Pictures with short captions:
BEGIN
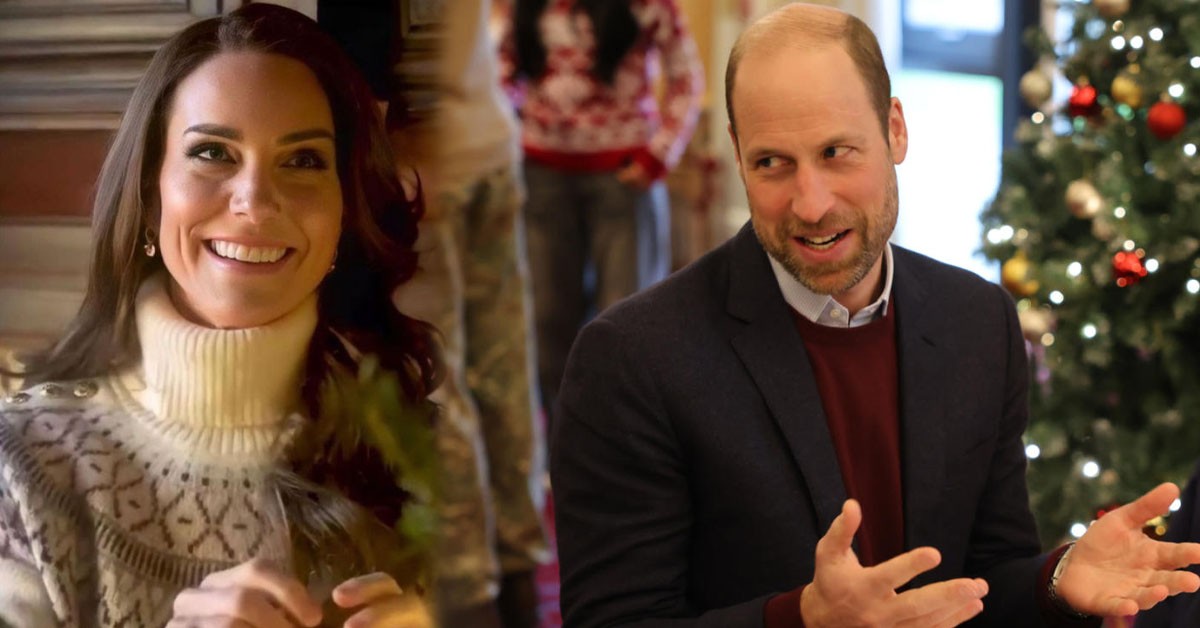 I WILL NOT TOLERATE THAT! The scandalous traditions caused Catherine to angrily break her silence at Christmas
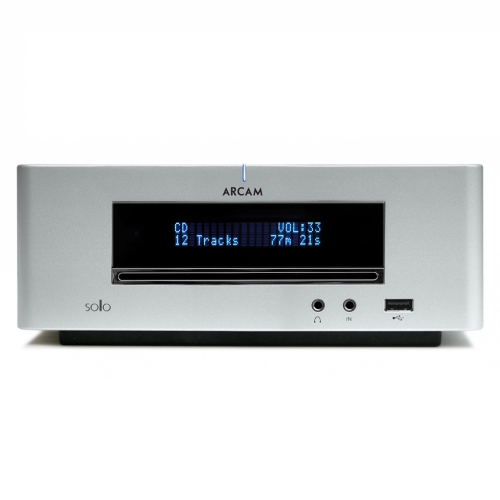 CD проигрыватель Arcam Solo Mini silver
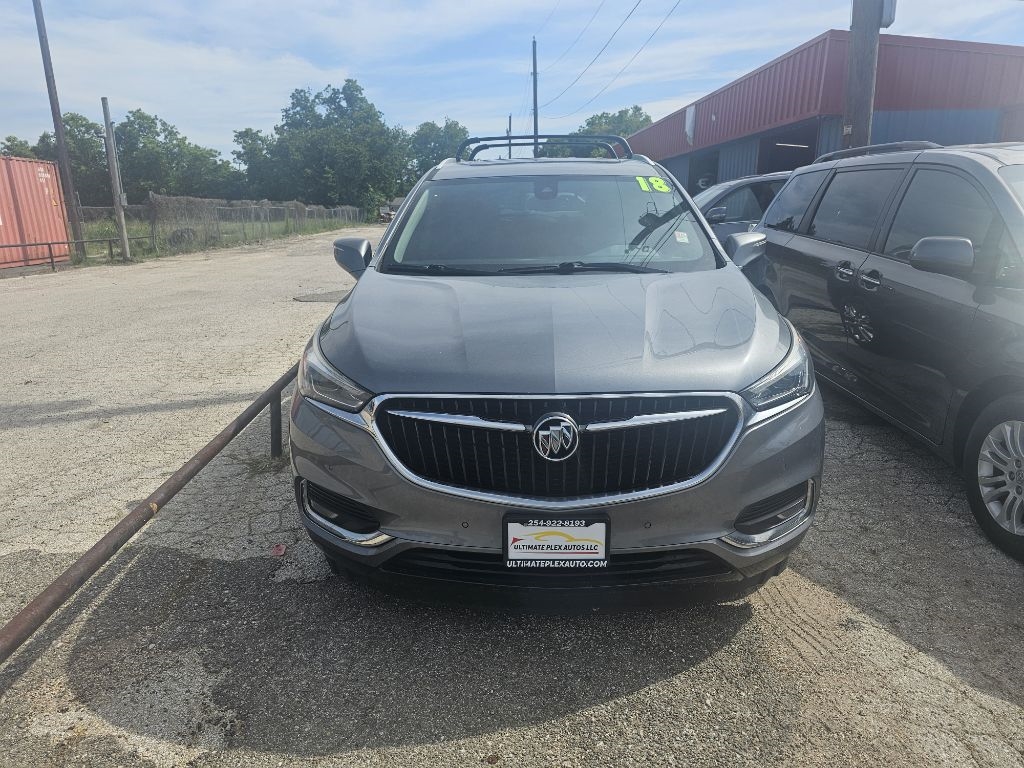 2018 Buick Enclave Premium's photo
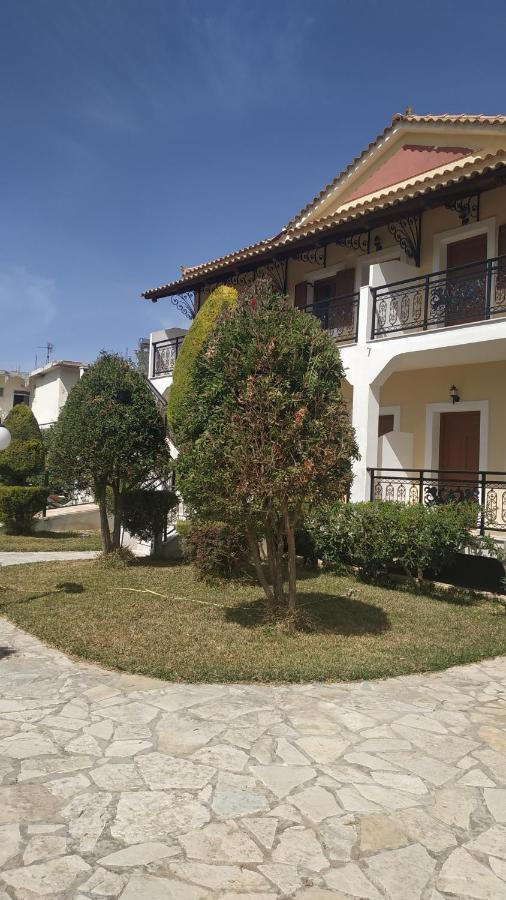 Tasaros Studios Laganas Exterior photo
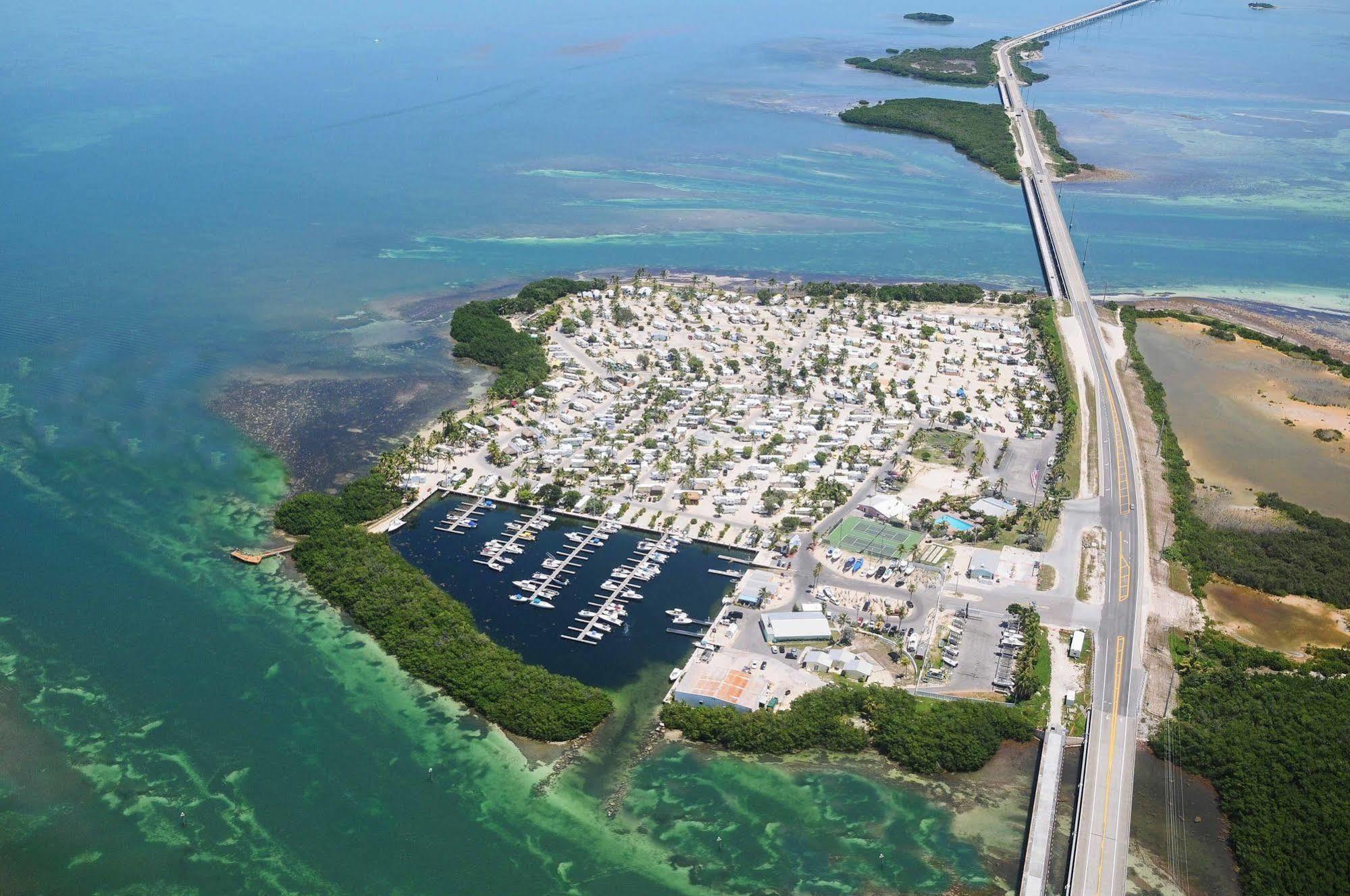 Sunshine Key Rv Resort & Marina Big Pine Key Kültér fotó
END
**Your objective:**
Here the job is to retype exactly the lines that start at the one containing "Tasaros Studios Laganas Exterior photo" and run through the end of the records above, leaving out pictures.

**Your solution:**
 Tasaros Studios Laganas Exterior photo
 Sunshine Key Rv Resort & Marina Big Pine Key Kültér fotó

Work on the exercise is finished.